All of the listing should be output exactly, apart from the pictures.

> [Stored data]
※ ※ ※
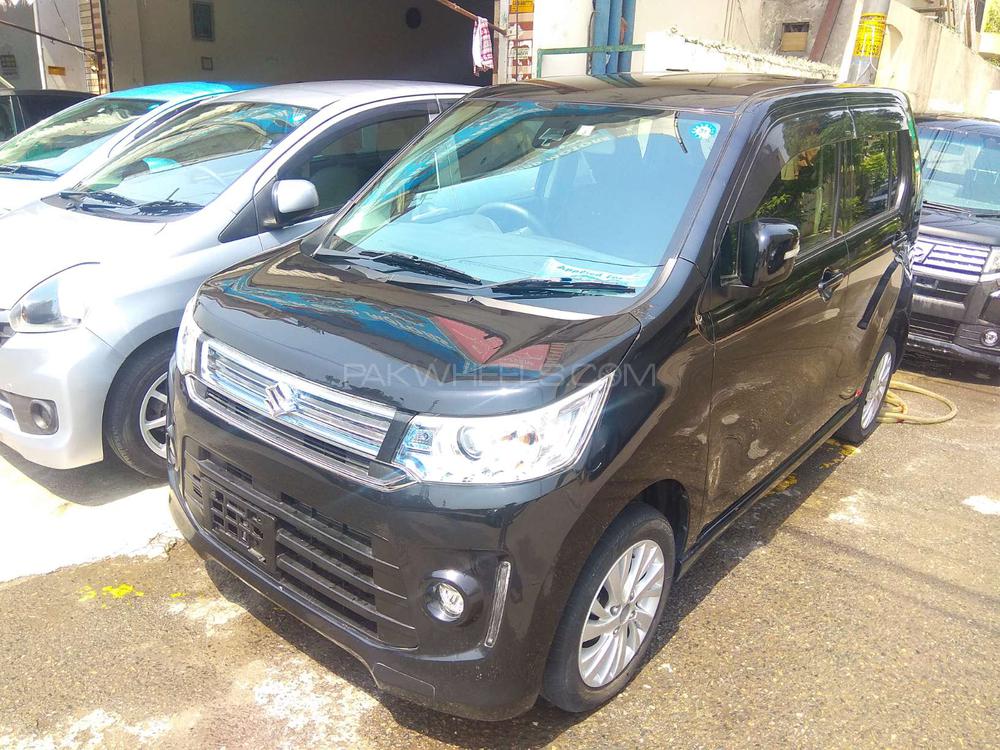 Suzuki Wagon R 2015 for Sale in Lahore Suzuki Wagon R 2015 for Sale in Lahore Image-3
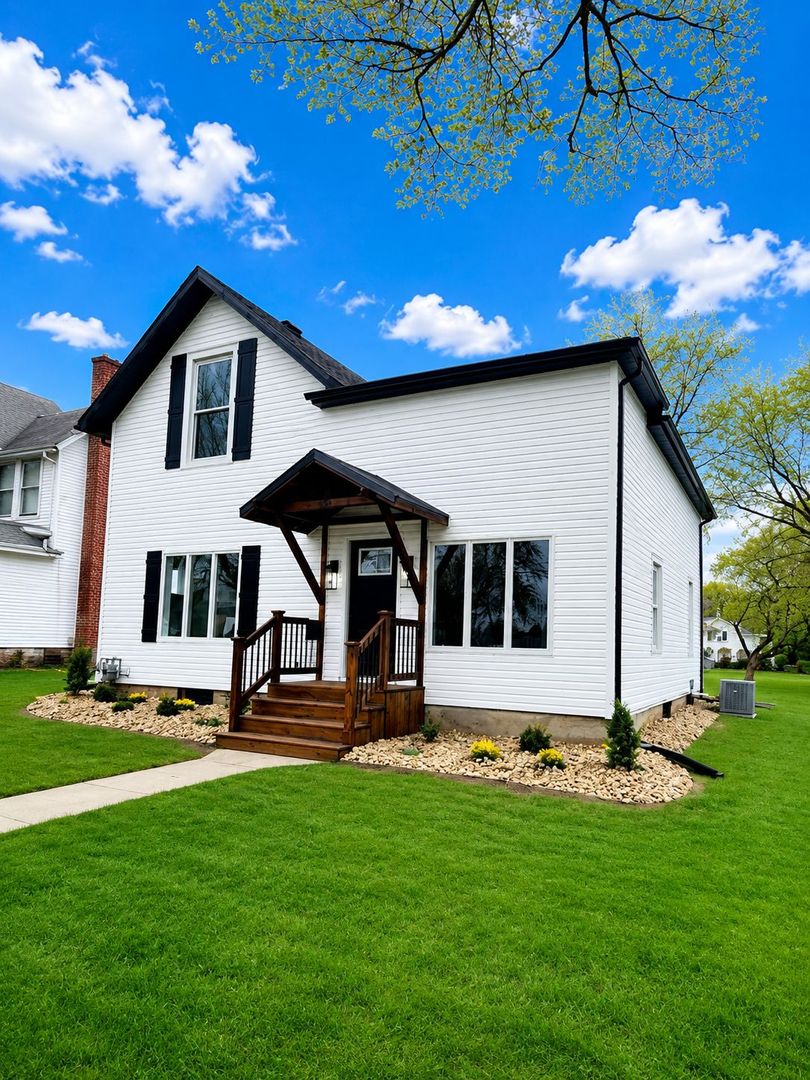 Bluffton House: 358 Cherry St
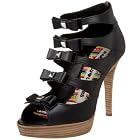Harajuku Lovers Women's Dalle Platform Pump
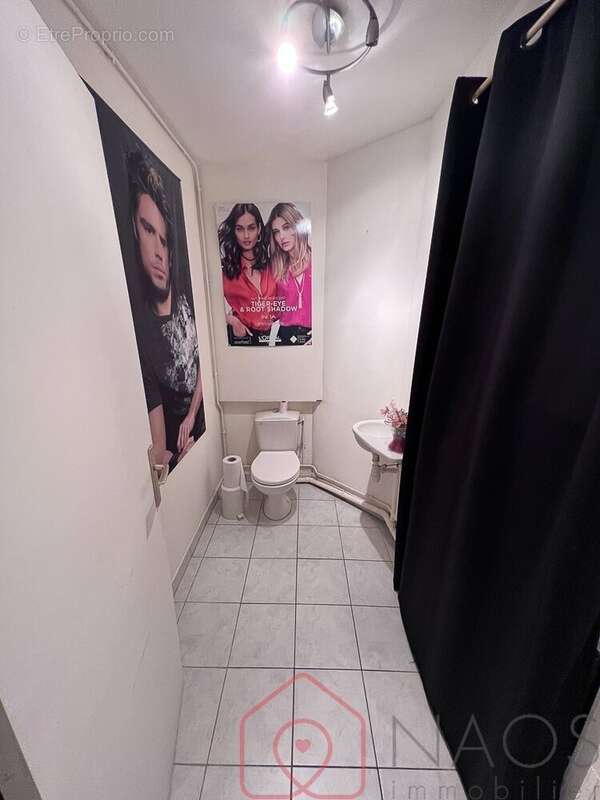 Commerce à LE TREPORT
※ ※ ※
> [Solution to this exercise]
 Suzuki Wagon R 2015 for Sale in Lahore Suzuki Wagon R 2015 for Sale in Lahore Image-3
 Bluffton House: 358 Cherry St
Harajuku Lovers Women's Dalle Platform Pump
 Commerce à LE TREPORT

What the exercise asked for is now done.